Six ultrasound machines are used at the institution: three Acuson Sequoias (Siemens Medical Solutions USA, Inc., Malvern, PA, USA), two Toshiba Aplios (Toshiba America Medical Systems, Inc., Tustin, CA, USA) and one GE Voluson (GE Healthcare Bio-Sciences AB, Uppsala, Sweden). An Aloka SSD-2000 (Aloka America, Wallingford, CT, USA) was used in the early study period and newer machines were acquired from around 1999. Ultrasound examinations were performed by certified ultrasound technologists with subspecialty training in obstetric ultrasound imaging or physicians in maternal and fetal medicine with fellowship training in obstetric ultrasound examination.
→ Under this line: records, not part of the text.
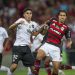 Jair e Pedro disputam bola em Flamengo 0 x 0 Botafogo pelo Campeonato Brasileiro 2025 no Maracanã — Foto: Guito Moreto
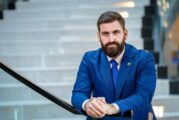 Евродепутатът Андрей Новаков си купи къща в с. Пожарево за над половин милион лева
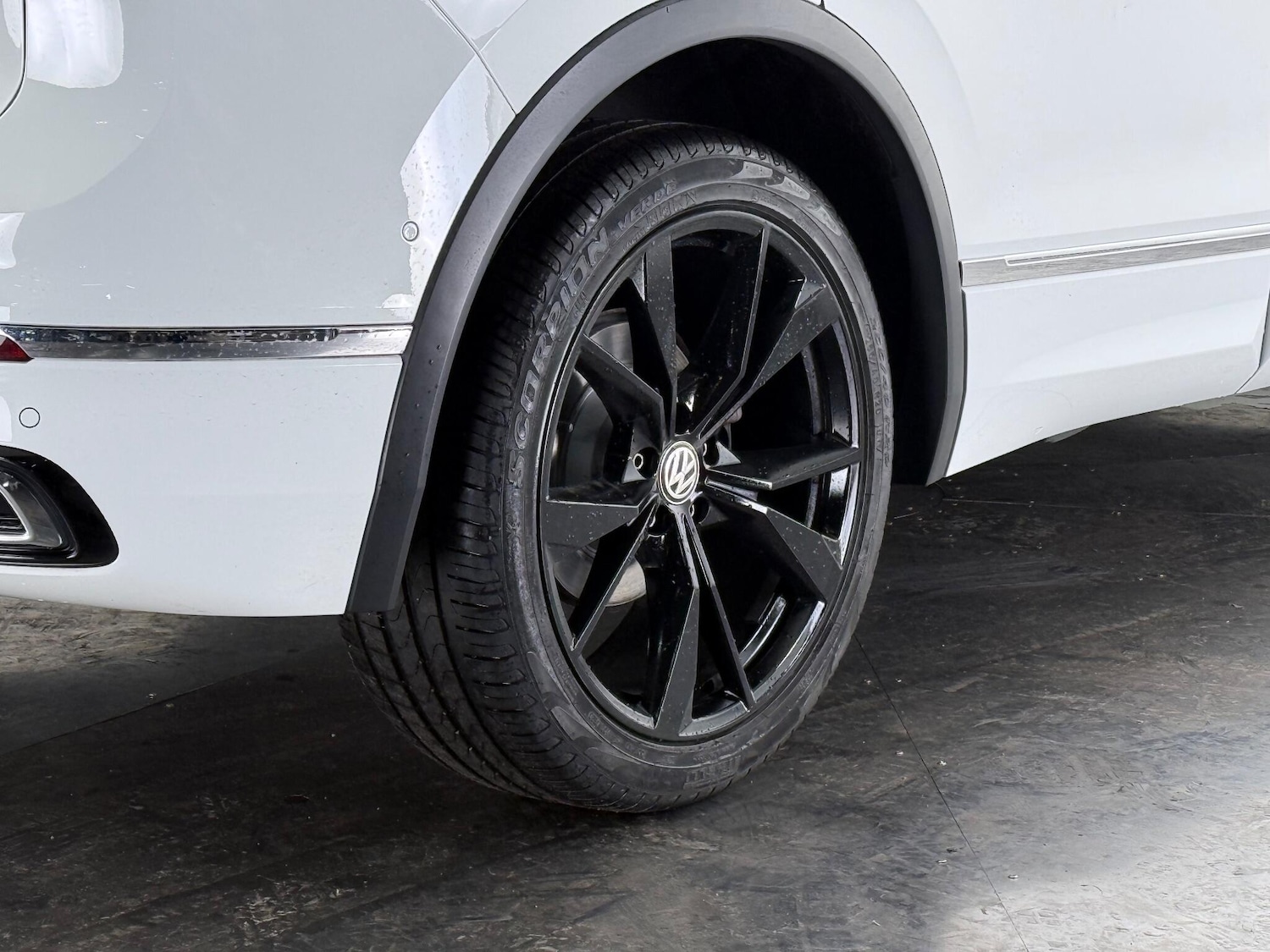 Used Volkswagen Tiguan 2020 for sale - 77217334: Photo 9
EFW was calculated according to the formula by Hadlock et al. that incorporates four anthropometric parameters and is currently used widely in clinical practice (log10 weight = 1.3596 −0.00386 AC × FL + 0.0064 HC + 0.00061 BPD × AC + 0.0424 AC + 0.174 FL)7. The measurements of HC and BPD were taken according to procedures detailed by Doubilet and Greenes19. AC and FL measurements were taken according to internal protocols (R. Brown, pers. comm.). Measurement of the AC is taken at the skin level from a true transverse view of the fetal abdomen at the level of the junction of the umbilical vein, portal sinus and fetal stomach (when visible). The outline of the abdomen should be as circular as possible. The measurement can be taken either as a direct circumference measurement or interpolated from anteroposterior and transverse diameter measurements. FL is measured with the beam of insonation perpendicular to the long axis of the femoral shaft, excluding the distal femoral epiphysis. The diaphysis is measured from the greater trochanter above to the lateral condyle below. The outer border of the femur is straight and the inner border is curved normally.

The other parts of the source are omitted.